In [19]:
# Cell 1 — imports & data load
import pandas as pd
import numpy as np
from pathlib import Path

from sklearn.experimental import enable_iterative_imputer  # noqa: F401
from sklearn.impute import IterativeImputer, SimpleImputer
from sklearn.preprocessing import OneHotEncoder, StandardScaler
from sklearn.compose import ColumnTransformer
from sklearn.pipeline import Pipeline
from sklearn.model_selection import StratifiedKFold, cross_val_score, GridSearchCV

# Models
from sklearn.svm import SVC, LinearSVC
from sklearn.linear_model import LogisticRegression, SGDClassifier, Perceptron
from sklearn.neighbors import KNeighborsClassifier
from sklearn.tree import DecisionTreeClassifier
from sklearn.ensemble import RandomForestClassifier
from sklearn.naive_bayes import GaussianNB

DATA_DIR = Path("../data")
train = pd.read_csv(DATA_DIR / "train.csv")
test  = pd.read_csv(DATA_DIR / "test.csv")
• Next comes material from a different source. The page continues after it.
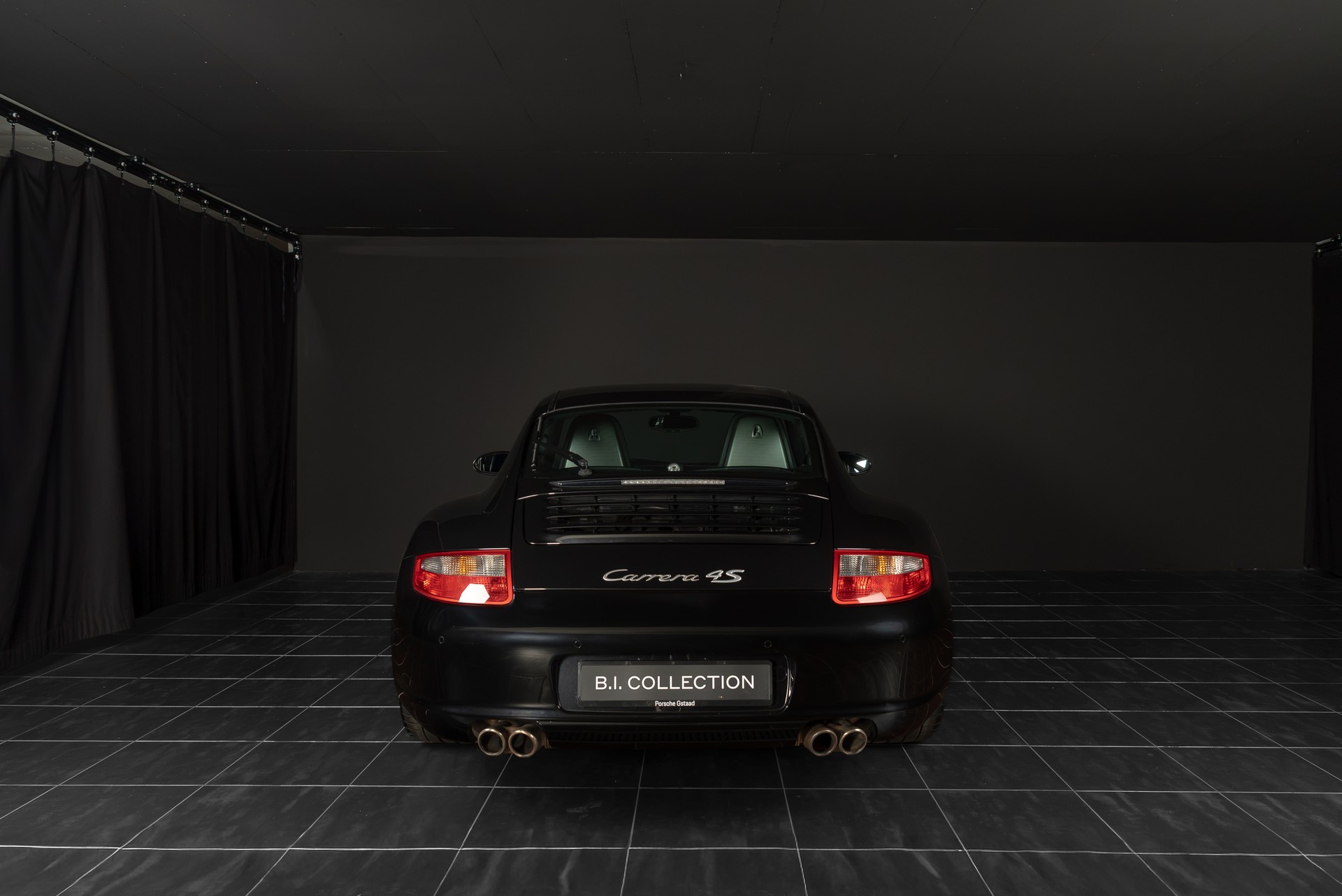 PORSCHE 911 Carrera 4S-image-7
print(train.shape, test.shape)
train.head()

(891, 12) (418, 11)


Unnamed: 0,PassengerId,Survived,Pclass,Name,Sex,Age,SibSp,Parch,Ticket,Fare,Cabin,Embarked
0,1,0,3,"Braund, Mr. Owen Harris",male,22.0,1,0,A/5 21171,7.25,,S
1,2,1,1,"Cumings, Mrs. John Bradley (Florence Briggs Th...",female,38.0,1,0,PC 17599,71.2833,C85,C
2,3,1,3,"Heikkinen, Miss. Laina",female,26.0,0,0,STON/O2. 3101282,7.925,,S
3,4,1,1,"Futrelle, Mrs. Jacques Heath (Lily May Peel)",female,35.0,1,0,113803,53.1,C123,S
4,5,0,3,"Allen, Mr. William Henry",male,35.0,0,0,373450,8.05,,S


In [21]:
# Cell 2 — feature engineering
def engineer(df: pd.DataFrame) -> pd.DataFrame:
    out = df.copy()

    # Title from Name
    out["Title"] = (
        out["Name"].str.extract(r",\s*([^\.]+)\.").fillna("U")
        .replace(
            ['Lady','Countess','Capt','Col','Don','Dr','Major','Rev','Sir','Jonkheer','Dona'],
            'Rare'
        )
        .replace({'Mlle':'Miss','Ms':'Miss','Mme':'Mrs'})
    )

    # Family features
    out["FamilySize"] = out["SibSp"].fillna(0) + out["Parch"].fillna(0) + 1
    out["IsAlone"] = (out["FamilySize"] == 1).astype(int)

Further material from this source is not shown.